How automated sensitive data discovery works
When you enable Amazon Macie for your AWS account, Macie creates an AWS Identity and Access Management (IAM) service-linked role for your account in the current AWS Region. The permissions policy for this role allows Macie to call other AWS services and monitor AWS resources on your behalf. By using this role, Macie generates and maintains a complete inventory of your Amazon Simple Storage Service (Amazon S3) buckets in the Region. The inventory includes information about each of your S3 buckets and the objects in the buckets. If you're the Macie administrator for an organization, the inventory includes information about S3 buckets that your member accounts own. For more information, see Managing multiple accounts.

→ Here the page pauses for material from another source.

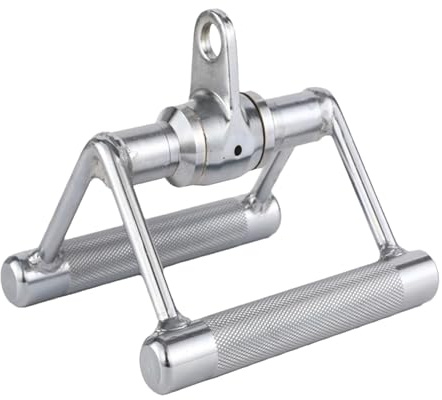 Cable Row Attachments, Gym Cable Machine Handle, Press Down Handle, Solid Steel Seated Row Handle, Fitness Cable Attachments, Fitness Cable Attachments for Enhanced Gym Exercises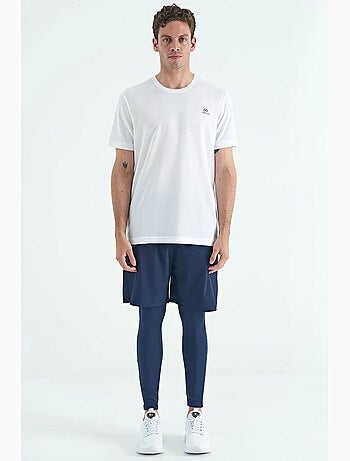 Men's pantaloni active in maglia skinny a vita alta tommy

If automated sensitive data discovery is enabled for your Macie account, Macie evaluates the inventory data on a daily basis to identify S3 objects that are eligible for automated discovery. As part of the evaluation, Macie also selects a sampling of representative objects to analyze. Macie then retrieves and analyzes the latest version of each selected object from Amazon S3, inspecting each object for sensitive data.

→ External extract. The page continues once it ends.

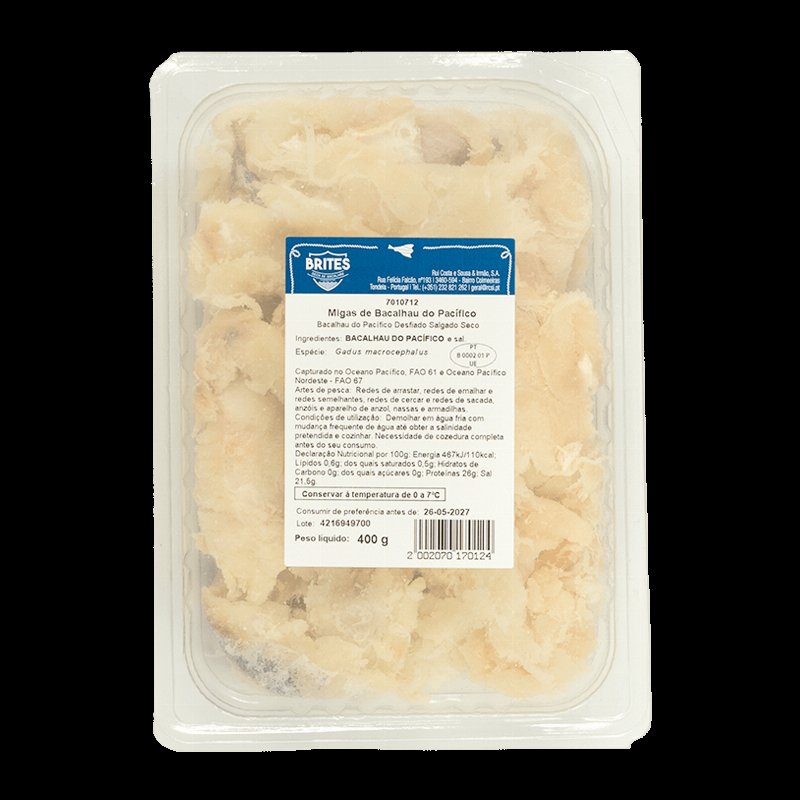 Bacalhau Desfiado 400 g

As the analysis progresses, Macie updates statistics, inventory data, and other information that it provides about your Amazon S3 data. Macie also produces records of the sensitive data it finds and the analysis that it performs. The resulting data provides insight into where Macie found sensitive data in your Amazon S3 data estate, spanning all the S3 buckets that Macie monitors and analyzes for your account. The data can help you assess the security and privacy of your sensitive data, determine where to perform a deeper investigation, and identify cases where remediation is necessary.
For a brief demonstration of how automated sensitive data discovery works, watch the following video:
To configure and use automated sensitive data discovery, your account must be a standalone Macie account or the Macie administrator account for an organization.
Key components
Amazon Macie uses a combination of features and techniques to perform automated sensitive data discovery for your Amazon S3 data. These work together with features and techniques that Macie uses to help you monitor your Amazon S3 data for security and access control.
- Selecting S3 objects to analyze
-
On a daily basis, Macie evaluates your Amazon S3 inventory data to identify S3 objects that are eligible for analysis by automated sensitive data discovery. If you're the Macie administrator for an organization, this includes inventory data for S3 buckets that your member accounts own.
As part of the evaluation, Macie uses sampling techniques to select representative objects to analyze. The techniques define groups of objects that have similar metadata and are likely to have similar content. The groups are based on dimensions such as bucket name, prefix, storage class, file name extension, and last modified date. Macie then selects a representative set of samples from each group, retrieves the latest version of each selected object from Amazon S3, and analyzes each selected object to determine whether the object contains sensitive data. When the analysis is complete, Macie discards its copy of the object.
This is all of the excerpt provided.